◆ Directions for this task:
From the line with "희귀질환 공공 생산·유통 네트워크 구축 방안(자료=보건복지부)" through the line with "Rufnummer 041017694029 Telefonnummer", repeat the entries verbatim, both end lines included, and add nothing.

Data in this exercise Block Start

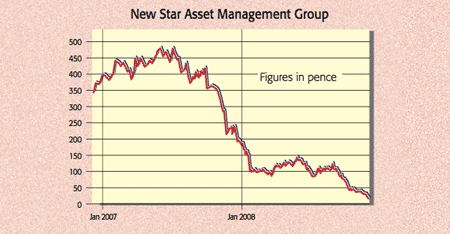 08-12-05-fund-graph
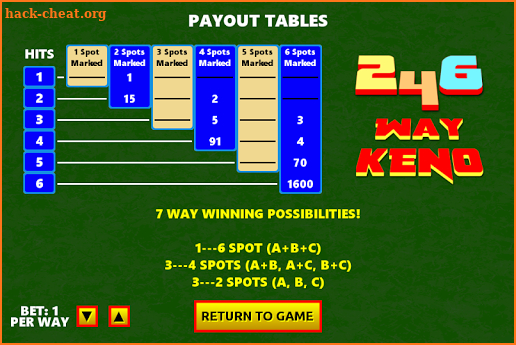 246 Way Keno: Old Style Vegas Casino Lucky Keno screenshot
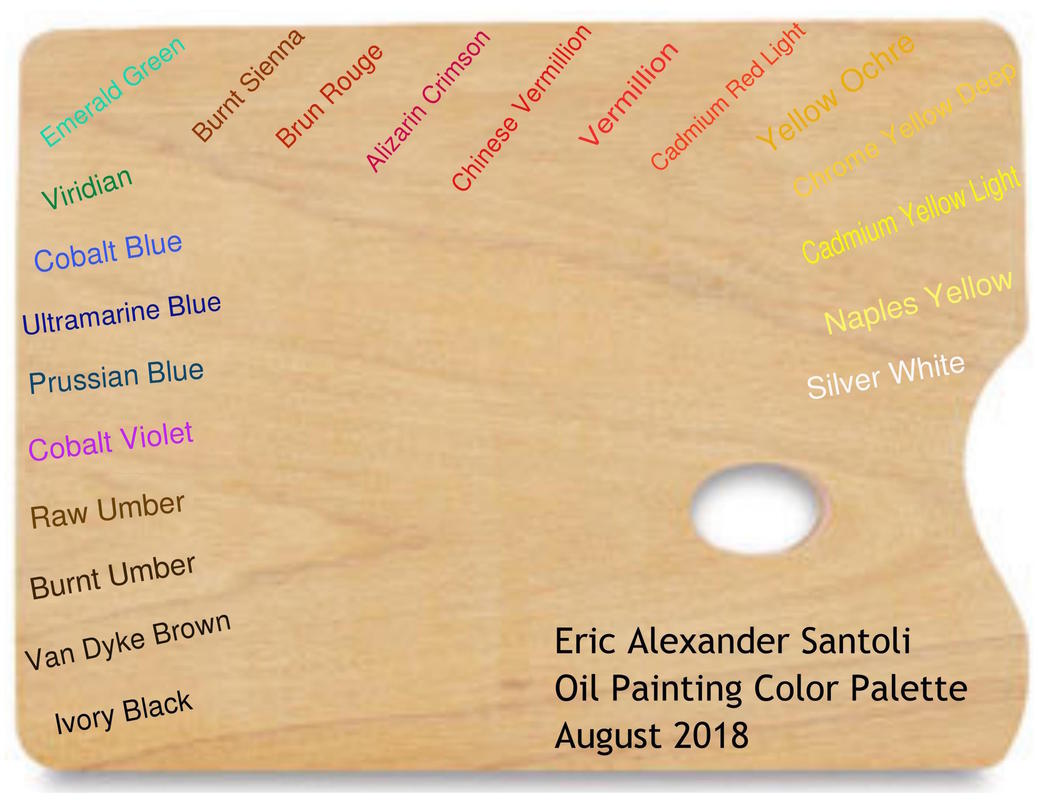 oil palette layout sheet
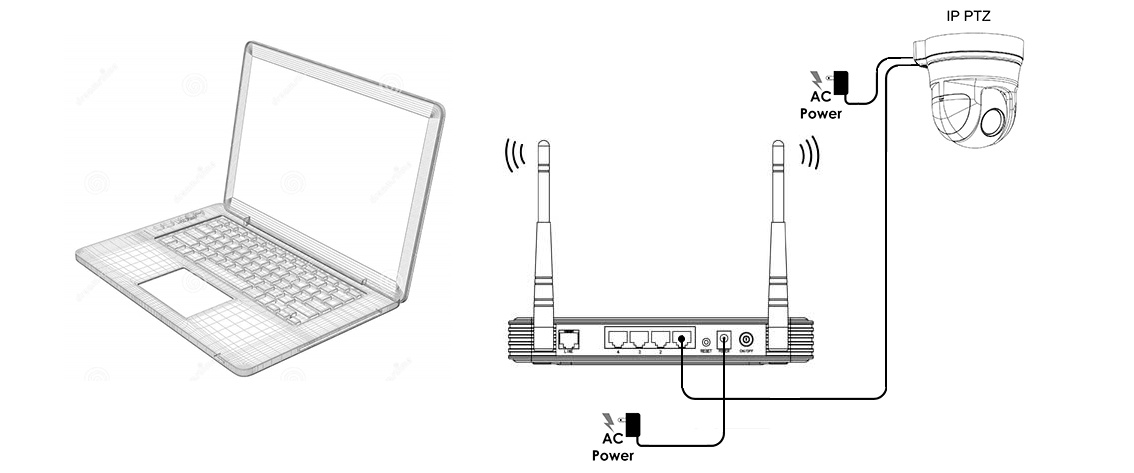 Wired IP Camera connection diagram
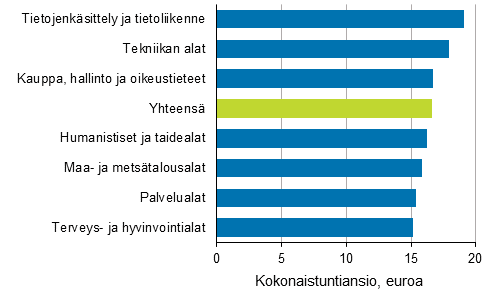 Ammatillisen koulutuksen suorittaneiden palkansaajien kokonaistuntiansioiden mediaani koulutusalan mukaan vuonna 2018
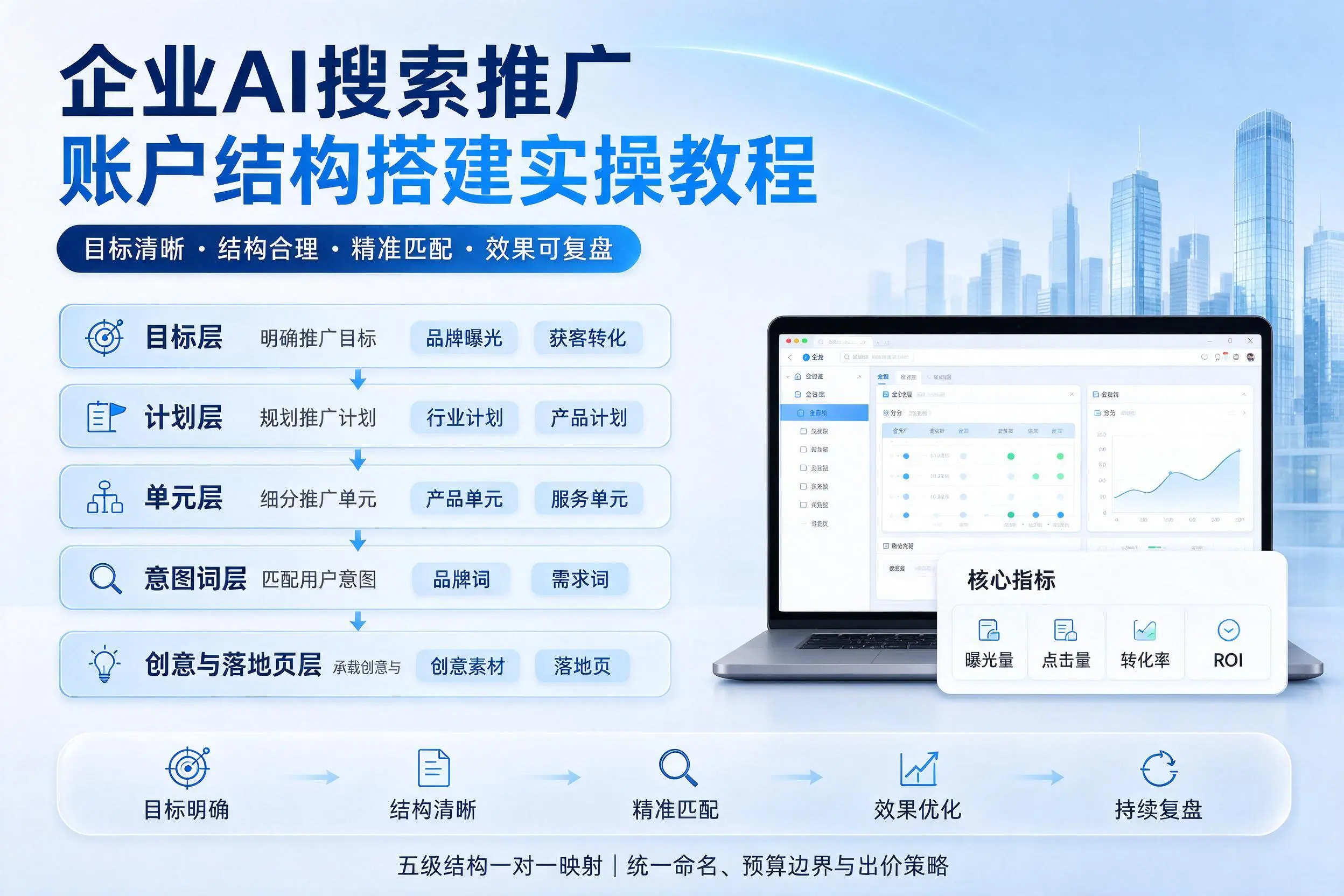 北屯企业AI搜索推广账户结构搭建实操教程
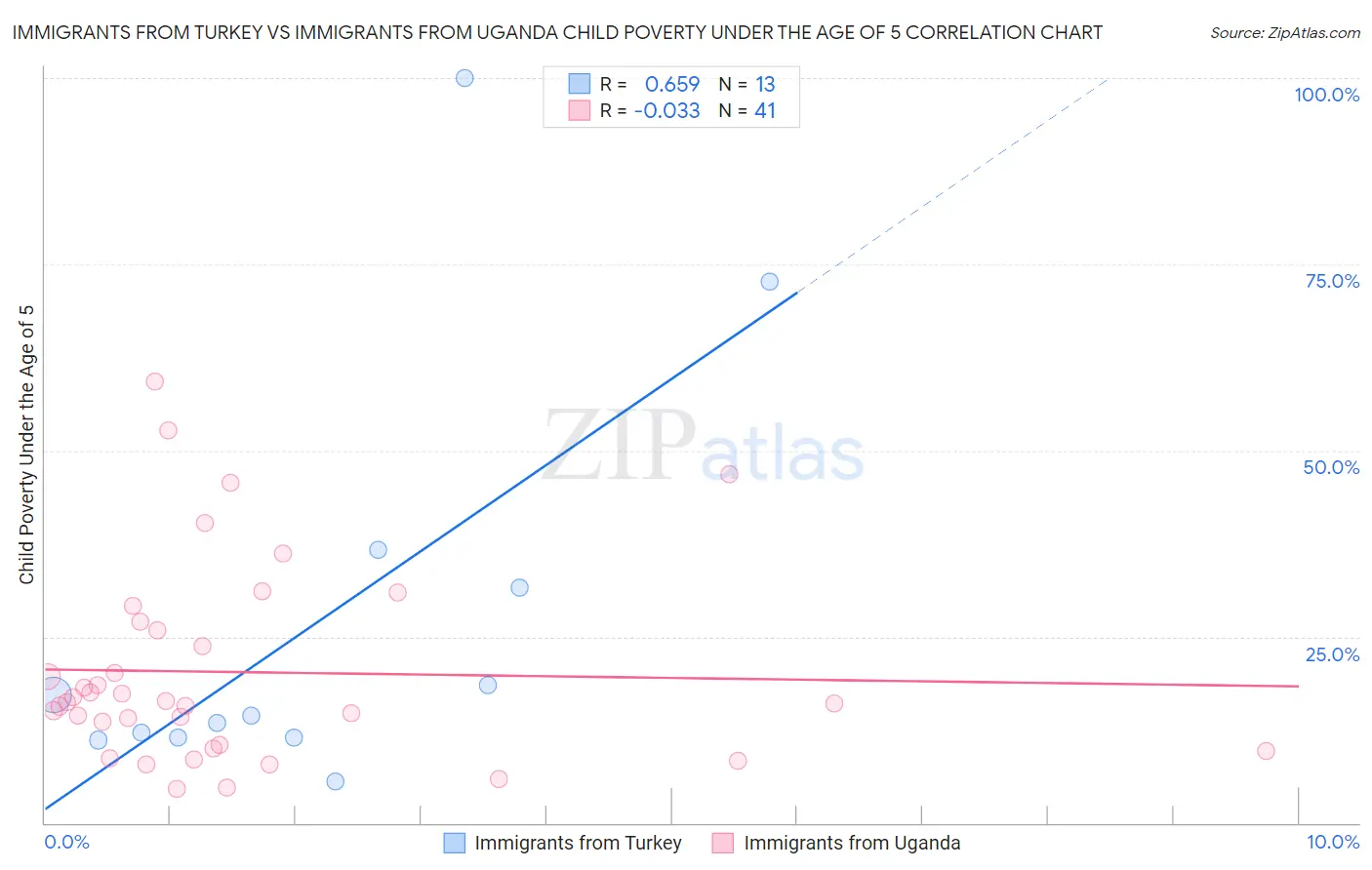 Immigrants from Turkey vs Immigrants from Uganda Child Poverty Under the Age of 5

Data in this exercise Block End
Data in this exercise Block Start

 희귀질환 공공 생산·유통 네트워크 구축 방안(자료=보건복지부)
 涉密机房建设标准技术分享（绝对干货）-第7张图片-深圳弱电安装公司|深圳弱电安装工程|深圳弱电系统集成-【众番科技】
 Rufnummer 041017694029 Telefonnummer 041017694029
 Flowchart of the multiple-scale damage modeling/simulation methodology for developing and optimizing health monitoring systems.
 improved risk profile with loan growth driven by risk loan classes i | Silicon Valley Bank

Data in this exercise Block End
Data in this exercise Block Start

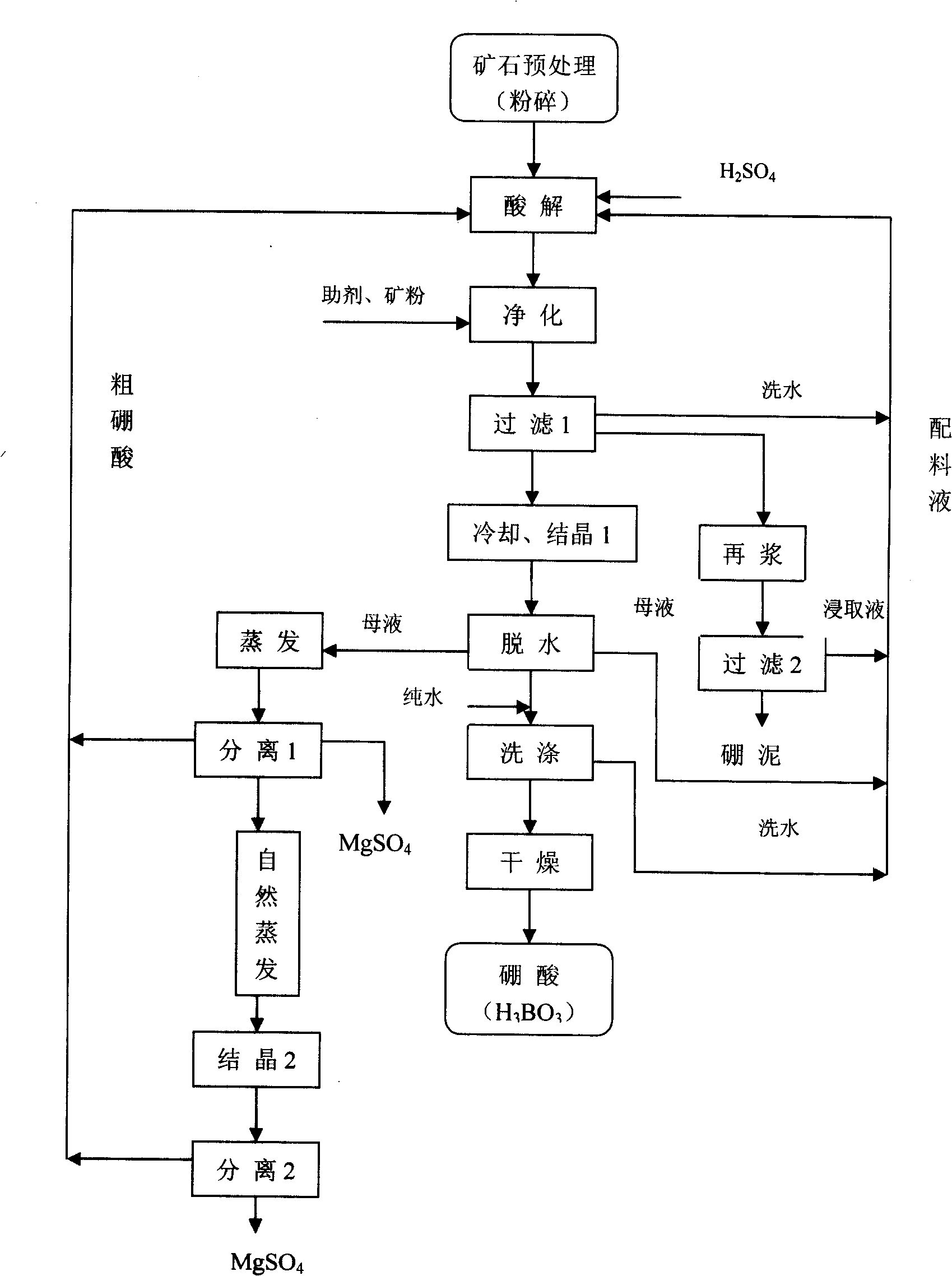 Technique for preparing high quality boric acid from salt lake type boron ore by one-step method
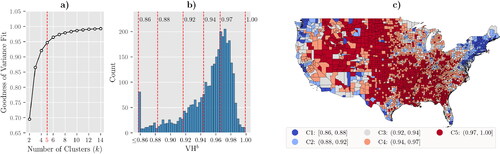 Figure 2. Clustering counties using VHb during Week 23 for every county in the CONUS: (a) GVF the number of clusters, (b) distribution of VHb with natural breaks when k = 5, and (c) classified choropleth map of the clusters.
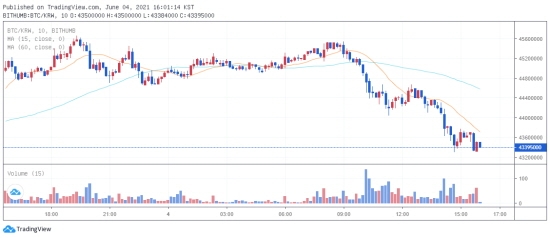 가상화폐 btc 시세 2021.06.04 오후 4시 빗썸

Data in this exercise Block End

◆ Solution to the exercise:
 희귀질환 공공 생산·유통 네트워크 구축 방안(자료=보건복지부)
 涉密机房建设标准技术分享（绝对干货）-第7张图片-深圳弱电安装公司|深圳弱电安装工程|深圳弱电系统集成-【众番科技】
 Rufnummer 041017694029 Telefonnummer 041017694029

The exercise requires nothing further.